Like about I think it's sixty percent of patients in
therapy will share dreams at some point with with their therapists,
(13:07):
even if it's a pure cognitive behavioral therapists or is
purely interested in medications. It's it's like we as patients
know that dreams are important even if the person we're
seeing isn't as interested in them. So I probably hear
more dreams because I pay more attention and listen.
Speaker 2 (13:29):
Some Some dreams allow us to solve problems in our
day to day life, don't they.
Speaker 3 (13:36):
Yes, there's actually a lot of interesting data about that,
even even things like math problems. They've they've done studies
where they've had college students think about math problems when
they were going to bed, and those students would do
better on tests, for instance. And there have been other
(13:56):
studies that people like going through a divorce, those who
have dreams about the divorce recover better. So they clearly
have an important role in processing emotions. And that's kind
of shown in the data, which is really interesting. It
(14:19):
just drives home that message that dreams are an important
but kind of ignored part of our lives, and our
culture is actually kind of unusual in the way that
it ignores dreams when you think of other cultures over
time and over history, they they've taken dreams more seriously
(14:44):
and realize the messages they bring, where we kind of
dismiss them as nonsense. A wonderful example of that is
a dream my father had. He never talked about dreams particularly,
but when I published my first book, he was quite
(15:09):
elderly at that point, he was maybe in his late
nineties or even a hundred. He lived to like a
one hundred and two. I was showing him my book
and he was in an assisted living but still very
much with it, and he said, oh, congratulations and so forth.

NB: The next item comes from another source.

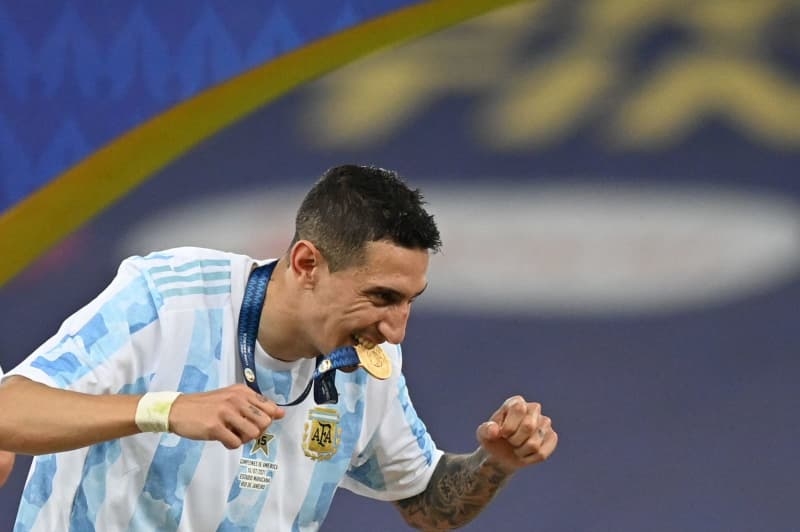 Ángel Di María returns to boyhood club Rosario Central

But then, like a lot of people, he kind of
(15:29):
paused and said, oh, but aren't dreams just nonsense? And
then he did what a lot of people do. It's
almost like they're following the same script. He said, For example,
last night, I had this dream, and he told me
this really beautiful, transparent dream, which he thought was nonsense.
(15:49):
In his dream, he was mowing the lawn and my mother,
who had long passed, she was on the porch and
she was kind of criticized seeing him for the way
he was mowing, that the rows weren't straight. So he
tells me this little dream and says, isn't that nonsense.
I'm thinking to myself, dude, that's that's that's a beautiful
(16:12):
picture of your life. Because my mother was that kind
of person. She was very critical. I think that's part
of why I loved dreams so much. They're like little artworks,
you know, like like this dream and this single image
captures my dad's life. And even there's like a deeper
message too, because the idea of mowing, you know, and
(16:34):
here when you're one hundred and two, that that has
a message of end of life and harvest and things
like that. So such a beautiful condensed image that I
think that's why I love dreams so much.
Speaker 2 (16:48):
Greg, do the dreams originate in the brain or somewhere
outside of the brain.
Speaker 3 (16:54):
They for sure originate in the brain, and they originate
in deeper, deeper brain levels. There's these waves that come
from deeper in the brain. You can see them on
EG tracings, and those deeper waves trigger the brain to
(17:18):
go out of its normal deeper sleep phases into this
special space phase of sleep called rapid eye movement sleep
when you have the dreams, and there's interesting changes in
the body too. The body becomes paralyzed, as we mentioned earlier,
(17:45):
but otherwise the EEG. The brain waves become essentially the
same as adult as awake brain waves. So it's kind
of interesting you go into this special phase of sleep,
and it seems to be a special phase that we
(18:06):
have like an independent need for. Like you can let
people sleep but wake them up only when they go
into this rem sleep, and they don't do well if
you just deprive them of rems sleep, even though they
get plenty of plenty of sleep otherwise.